Perseus with the head of Medusa, also known as Cellini’s Persus, is a bronze sculpture. It is considered a masterpiece of Italian Mannerism, and is one of the most famous statues in Florence’s Piazza della Signoria. Located in the Loggia dei Lanzi, it depicts Perseus as he stands on Medusa’s body and holds her head up in the air. In the scene, he has just beheaded her with his sword, and triumphantly lifts up her head, holding it by her hair. The statute has a rather high pedestal, adorned with small bronzes that are now at the Bargello museum, so that the spectator must look up at it as Perseus looks down toward the ground. The refined pedestal bronzes are an example of Cellini’s unparalleled talent when working on smaller pieces. This was due to the fact that he was also an expert goldsmith.
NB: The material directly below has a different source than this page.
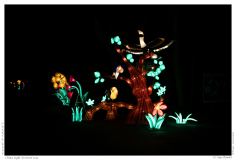 China Light Festival 2019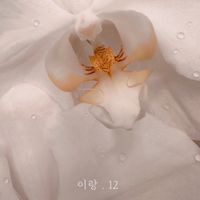 네스티요나 [Nastyona] - 이랑.12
The statute was commissioned by Cosimo I dei Medici, after he had just been named Grand Duke, and was completed from 1545 to 1554. The original still stands in the Loggia today. It has stood there since its completion in 1554, except for a period of restoration that ended in 1998. Cellini’s Perseus recalls Donatello’s bronze sculpture Judith and Holofernes (1460), but Cellini takes a step away from the early Renaissance style towards the characteristic titanism of the Italian Mannerism. Cellini’s Perseus also has political meaning, just like the vast majority of the statuary in the piazza. Indeed, it represents the new Grand Duke’s desire to break away from experiences of the earlier republic and send a message to the people, which are represented by Medusa.
Serpents emerge from Medusa’s body, representing the people’s many past conflicts that had only worked to threatened and obstruct true democracy. Making the statue proved extremely difficult for Cellini, who truly put his talents to the test. He often spoke of his difficulty with Perseus in his autobiography. He complained about the difficulty fusing the statue in his kiln, and how he used all of the dishware in his home to make it. Fun fact: It is believed that Cellini used a young lover as his model for the statute, and on the back of Perseus’ neck, there is the small portrait of a bearded man, which many maintain is Cellini himself. Florentine singer-songwriter Riccardo Marasco sings about this statue in a song called “L’alluvione” from his album "Il porcellino".